Our group spent our time at St. Paul watching all of the alcids that nest on the island, but also admiring those seals, which look like giant sausages on land. They would scratch with their flippers, and some would tangle with each other, but most just slept, the lazy sleep of an animal that has not been on land in months.

St. Paul is not an easy place to get to. We flew from Anchorage, stopping for fuel in Dillingham, and then flew on to St. George where some passengers deplaned. St. George is St. Paul's sister island, and is often shrouded in fog so few flights actually land. We got out of the plane under a cold blue sky and walked the airstrip. As we admired the views, cannons popped off in the background to set off the birds, which otherwise take over the runway. There, I saw Grey-crowned Rosy Finch, a large rose hued finch with a clean grey cap, and Red-legged Kittiwakes for the first time.

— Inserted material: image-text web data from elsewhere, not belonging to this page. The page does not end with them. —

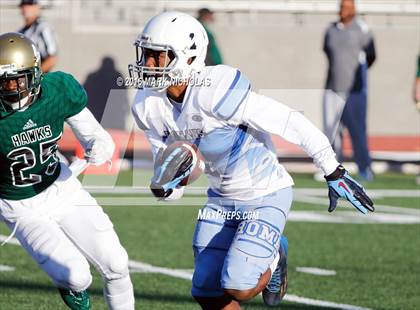Thumbnail 1 in Los Angeles vs. Hawkins (CIF LACS Division II Playoff) photogallery.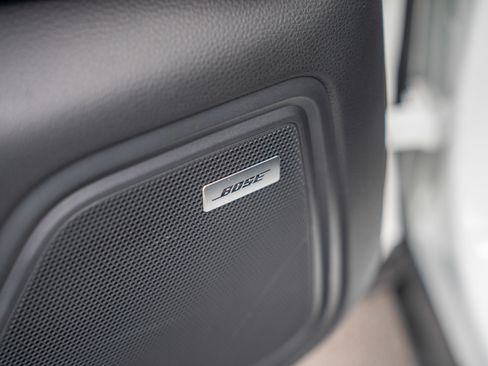 Certified 2026 Porsche Macan AWD/4WD image 11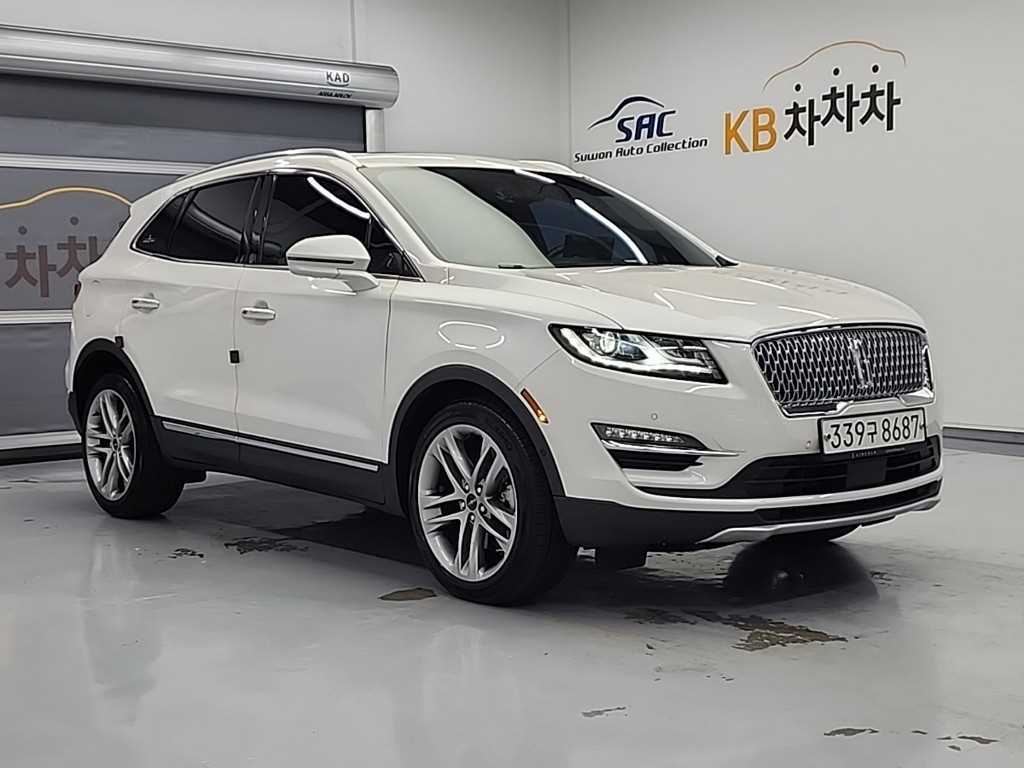 Lincoln MKC - Vista 4
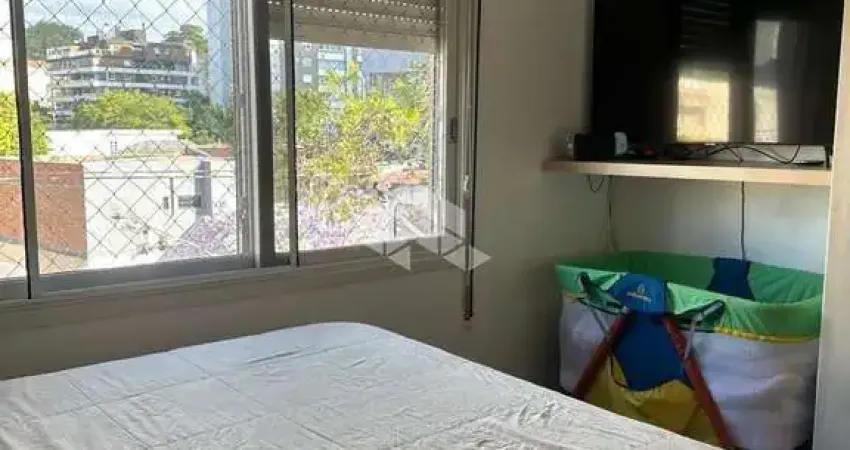 Menino deus - apartamento reformado com 2 dormitórios, 1vg. e baixo custo condominial!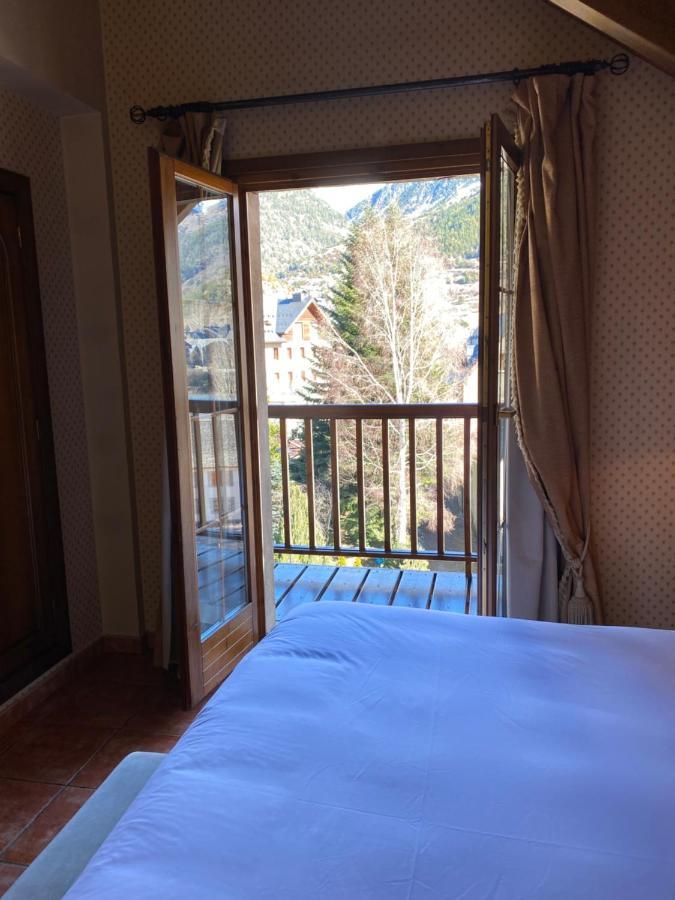 Hotel Bocale Sallent De Gallego Exterior photo
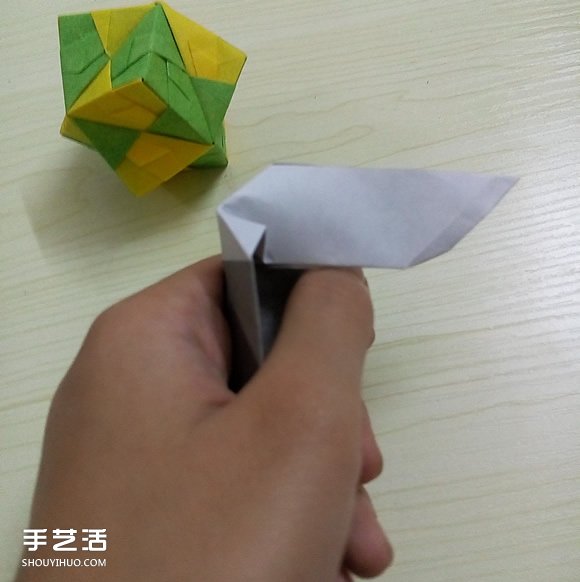 折纸折叠小刀的折法 手工折可折叠弹簧刀图解(图14) 折纸折叠小刀的折法 手工折可折叠弹簧刀图解(图14)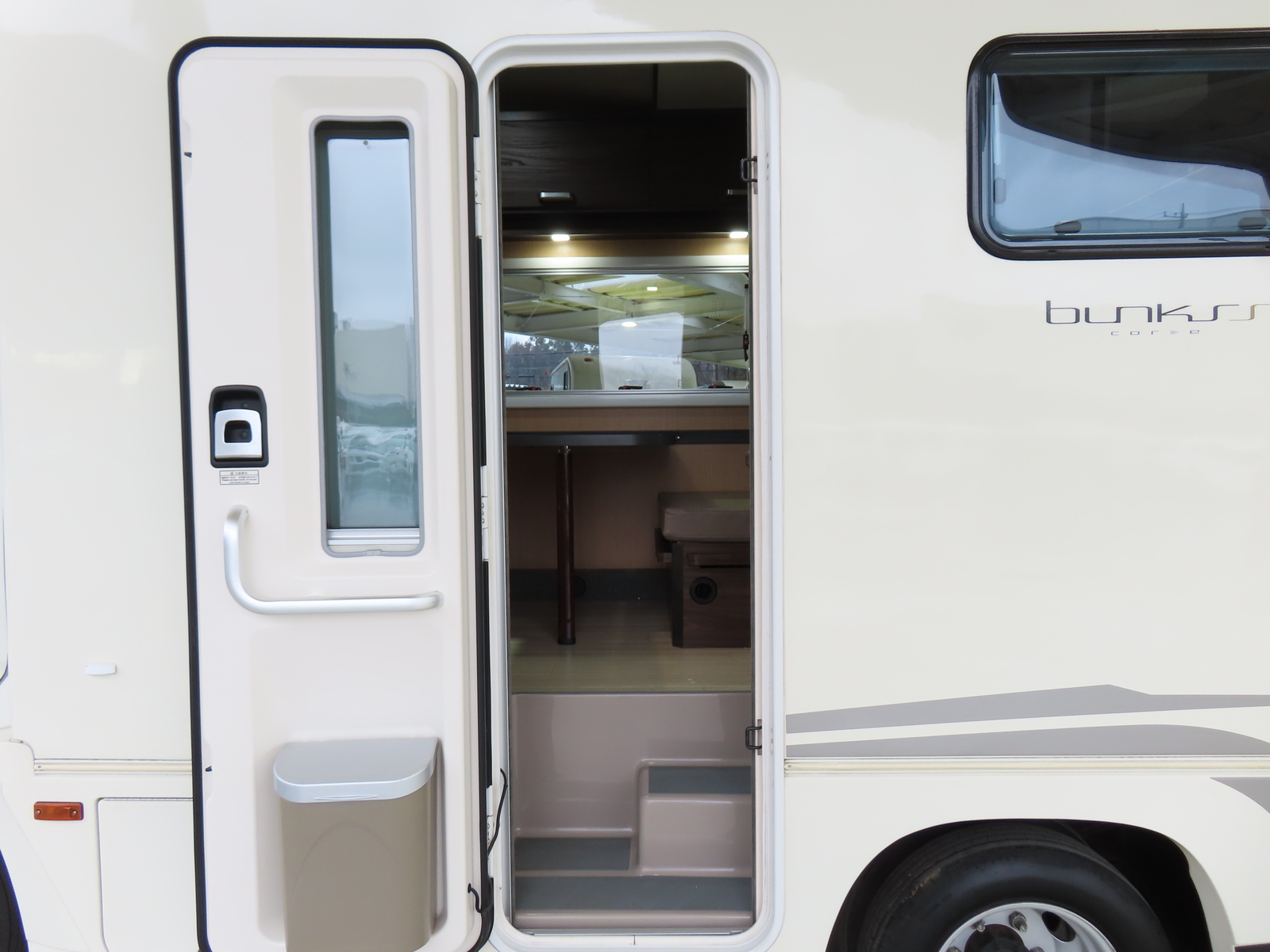 キャンピングカーキャブコン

I spoke with a woman who lives on the Island. She surfs offshore and that afternoon was going to kayak to the point. It seemed like a small paradise.
On the final leg of the journey I learned that the woman next to me was on her way to St. Paul to make it her home. Her young son and daughter sat in the seats behind us. Her husband was doing weather work on the island and had been living there since April. "I had some movies to see," she said with a laugh as a way to explain why she was only now arriving at her new home. "I'm not an island person."
St. Paul would be an interesting place to call home. There is a cluster of tidy houses, a Russian Orthodox Church and one store that sold 12 ounce bottles of water for $2.99 and four frozen cobs of corn for $13. There is some tourism on the island because though it is also frequently fogged in, it is more accessible. The island Native corporation (TDX) has also hired three young men, all fantastic birders, as guides to take visitors around. They greeted us at the airport, and walked us to our rooms at the King Eider Hotel. To call this a hotel is a bit of a stretch. The "hotel" is a hallway that runs parallel to the waiting room of the airport. Spare, clean rooms awaited us, with a bathroom down the hall. Through the night, the northern sun streamed through the thin curtains.
Right away we headed into the field to walk a marshy patch near town. An Arctic Fox worked the edges of the marsh, delighting all of us. The fox are so numerous, prowling the cliffs for birds or their eggs, that by the end of the trip we were less excited by them.
The land is low, dried grasses with a few wild flowers coming into bloom--buttercup and a fuzzy lousewort. I could see that by mid-summer the island would be a riot of color. And a riot of baby birds. The island is where a range of Alcids nest and they were all clamoring at the cliffs that ring the island. On the next day we walked the top of those cliffs, peering over at the ocean, then snow that still skirted the cliffs, a reminder of the winters in this exposed place. Birds speckled both the snowfields and the cliffs, often just feet away from us. Least and Parakeet Auklets, Horned and Tufted Puffins, all clung to the cliffs. Common Murres with their white bellies and black backs (which make them look like Northern Penguins) sit in a bunch while the Thick-billed Murres line up in a row, often with their backs to the water. In between these alcids both Black-legged and Red-legged Kittiwakes zoomed by, often carrying nesting material. All of the birds were enchanting, but the Tufted Puffin is a favorite, with those fantastic tufts, a movie star of a bird.
A few low hills rise up on the island, providing great views in all directions to lakes and to the Bering Sea. From these hills we also hoped to be able to scan the wide sky for a White-tailed Eagle that had been seen a few times on the island. We never saw the eagle, but during those eagle watches I was able to listen to the lively song of the Lapland Longspur, admire more Gray-crowned Rosy-finch and a few Snow Buntings.
During spring and fall, migrants are often blown off course, and they end up here on the island, hunkering down in the crab pots, or in some of the ditches around the island. One evening we drove the bumpy dirt road to the northern end of the island. We fanned out, walking to the top of a hill, when our guide emerged with a big grin. "Wilson's Warbler," he said a little out of breath. It's a bird all of us know well from our homes in the lower 48. But to see it there amidst birds that were exotic to us was an odd treat. We chased down hill, then I spied the bright bird, put my binoculars to my eyes to see its dark black cap, and vibrant yellow body. A piece of home in a place that felt like a stark and beautiful and hard place to call home. I wished that mother and her two kids luck in the new St. Paul lives; I wished all of those fur seals good breeding; I hoped the tall white man has a good salmon season.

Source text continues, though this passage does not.